Fat Cat Friday marks widening of CEO-worker pay gap

The UK’s top bosses make more in three days than a typical full-time worker will make in a year, according to research from the High Pay Centre and the CIPD

Revealed this 'Fat Cat Friday' (the date at which the earnings of a typical FTSE 100 CEO surpass the average annual UK salary), the research found that full-time workers in the UK earn a median gross annual salary of £29,574. In 2019 a typical FTSE 100 CEO, on a median pay packet of £3.9 million, only needs to work until 1pm on Friday 4 January 2019 to earn the same amount.

The £3.9 million figure was calculated by the CIPD and the High Pay Centre in their 2018 analysis of top pay and marks an 11% increase on the £3.5 million figure reported in their 2017 analysis, meaning top bosses now earn 133 times more than the average worker.

The pay increase means that FTSE 100 CEOs, working an average 12-hour day, will only need to work for 29 hours in 2019 to earn the average worker’s annual salary, two hours fewer than in 2018. (Twelve hours is the amount the research assumes most CEOs work each day. It also calculates that the average CEO works 320 days a year, and over 19 days holiday and three out of four weekends.)

These findings come as the CIPD and the High Pay Centre highlight the problem of rising executive pay in their new report RemCo reform: Governing successful organisations that benefit everyone. The report identifies the shortcomings of the remuneration committees charged with setting executive pay and calls for them to be reformed.

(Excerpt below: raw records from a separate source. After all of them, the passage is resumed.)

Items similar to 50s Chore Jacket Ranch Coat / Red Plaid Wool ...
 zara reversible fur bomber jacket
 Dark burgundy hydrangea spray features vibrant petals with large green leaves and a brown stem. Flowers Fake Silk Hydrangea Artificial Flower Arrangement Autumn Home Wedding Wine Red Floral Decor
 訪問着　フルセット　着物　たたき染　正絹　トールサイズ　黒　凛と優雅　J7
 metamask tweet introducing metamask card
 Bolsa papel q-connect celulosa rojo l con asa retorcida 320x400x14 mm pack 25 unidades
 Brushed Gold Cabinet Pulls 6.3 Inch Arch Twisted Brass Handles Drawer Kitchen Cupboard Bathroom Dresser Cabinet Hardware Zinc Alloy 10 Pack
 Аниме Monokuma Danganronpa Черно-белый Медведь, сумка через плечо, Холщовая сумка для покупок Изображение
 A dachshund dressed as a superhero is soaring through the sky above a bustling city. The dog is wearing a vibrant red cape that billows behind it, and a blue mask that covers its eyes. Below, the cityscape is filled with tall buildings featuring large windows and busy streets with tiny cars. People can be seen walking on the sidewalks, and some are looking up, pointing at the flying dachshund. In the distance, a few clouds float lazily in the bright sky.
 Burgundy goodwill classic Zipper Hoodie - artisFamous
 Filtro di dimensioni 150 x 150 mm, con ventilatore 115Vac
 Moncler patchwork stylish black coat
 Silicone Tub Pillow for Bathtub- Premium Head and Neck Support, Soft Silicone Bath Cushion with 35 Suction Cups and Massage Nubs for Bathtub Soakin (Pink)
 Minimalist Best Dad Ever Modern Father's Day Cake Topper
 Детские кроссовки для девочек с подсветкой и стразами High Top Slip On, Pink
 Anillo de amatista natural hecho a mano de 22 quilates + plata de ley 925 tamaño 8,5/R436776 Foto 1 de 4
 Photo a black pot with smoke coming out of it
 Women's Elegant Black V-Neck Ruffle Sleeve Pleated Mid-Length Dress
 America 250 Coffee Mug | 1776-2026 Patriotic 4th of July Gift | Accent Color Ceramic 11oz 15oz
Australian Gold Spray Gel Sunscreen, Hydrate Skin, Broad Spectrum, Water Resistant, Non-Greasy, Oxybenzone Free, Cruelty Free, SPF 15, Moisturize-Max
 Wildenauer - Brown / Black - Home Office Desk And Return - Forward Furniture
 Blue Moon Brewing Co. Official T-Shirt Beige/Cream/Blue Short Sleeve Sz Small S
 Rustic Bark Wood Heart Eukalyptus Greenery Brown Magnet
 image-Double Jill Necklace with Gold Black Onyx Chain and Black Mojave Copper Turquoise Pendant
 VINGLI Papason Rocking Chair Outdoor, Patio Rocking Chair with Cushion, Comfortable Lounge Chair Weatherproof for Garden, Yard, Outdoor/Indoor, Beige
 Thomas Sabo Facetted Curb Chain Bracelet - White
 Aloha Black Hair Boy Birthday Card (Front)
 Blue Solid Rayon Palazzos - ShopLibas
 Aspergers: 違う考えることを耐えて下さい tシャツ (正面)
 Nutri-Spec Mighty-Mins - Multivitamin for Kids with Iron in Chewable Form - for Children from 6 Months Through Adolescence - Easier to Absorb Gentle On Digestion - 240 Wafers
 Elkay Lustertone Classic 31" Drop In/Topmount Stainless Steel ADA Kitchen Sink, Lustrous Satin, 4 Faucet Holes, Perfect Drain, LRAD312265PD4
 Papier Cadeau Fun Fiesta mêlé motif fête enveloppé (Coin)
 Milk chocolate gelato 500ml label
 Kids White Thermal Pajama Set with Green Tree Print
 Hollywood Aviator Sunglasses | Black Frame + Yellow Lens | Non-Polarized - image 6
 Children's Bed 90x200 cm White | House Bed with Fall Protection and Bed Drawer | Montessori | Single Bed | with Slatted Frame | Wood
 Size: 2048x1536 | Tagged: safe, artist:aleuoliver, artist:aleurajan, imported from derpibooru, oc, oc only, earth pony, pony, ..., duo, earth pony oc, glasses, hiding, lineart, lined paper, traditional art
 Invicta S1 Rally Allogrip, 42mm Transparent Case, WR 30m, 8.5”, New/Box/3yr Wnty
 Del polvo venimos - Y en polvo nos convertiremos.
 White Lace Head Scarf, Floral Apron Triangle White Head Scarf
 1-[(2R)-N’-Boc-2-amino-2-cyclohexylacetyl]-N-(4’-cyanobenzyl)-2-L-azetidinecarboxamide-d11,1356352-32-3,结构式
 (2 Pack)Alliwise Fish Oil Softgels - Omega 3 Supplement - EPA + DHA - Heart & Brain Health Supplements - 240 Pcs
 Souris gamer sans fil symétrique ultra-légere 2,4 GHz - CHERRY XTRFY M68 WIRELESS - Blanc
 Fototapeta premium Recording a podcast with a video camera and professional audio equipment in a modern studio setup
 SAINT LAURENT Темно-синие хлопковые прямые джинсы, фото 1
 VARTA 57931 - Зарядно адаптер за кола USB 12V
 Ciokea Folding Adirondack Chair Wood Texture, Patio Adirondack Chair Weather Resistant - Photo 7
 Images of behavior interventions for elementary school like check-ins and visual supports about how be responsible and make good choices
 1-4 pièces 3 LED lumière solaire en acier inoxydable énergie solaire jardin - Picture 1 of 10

It criticises the idea of ‘super talent’ justifying high executive pay and calls for greater diversity among those responsible for setting CEO pay – in terms of ethnicity, gender, professional background and expertise – to combat ‘group think’.

The CIPD and High Pay Centre also recommend replacing long-term incentive plans as the default model for executive remuneration with a simpler system including a basic salary and a much smaller restricted share award. This would simplify the process of setting executive pay and ensure that pay is more closely aligned to executive performance, the bodies said.

Peter Cheese, chief executive of the CIPD, said that excessive pay must be tackled to address inequality in the UK. “There is still far too great a gap between top earners and the rest of the workforce. Average pay has stagnated while top CEO reward has grown, despite overall slow economic growth and very variable business performance.

“Excessive pay packages awarded by remuneration committees represent a significant failure in corporate governance and perpetuate the idea of a ‘superstar’ business leader when business is a collective endeavour and reward should be shared more fairly. This imbalance does nothing to help heal the many social and economic divides facing the country,” he added.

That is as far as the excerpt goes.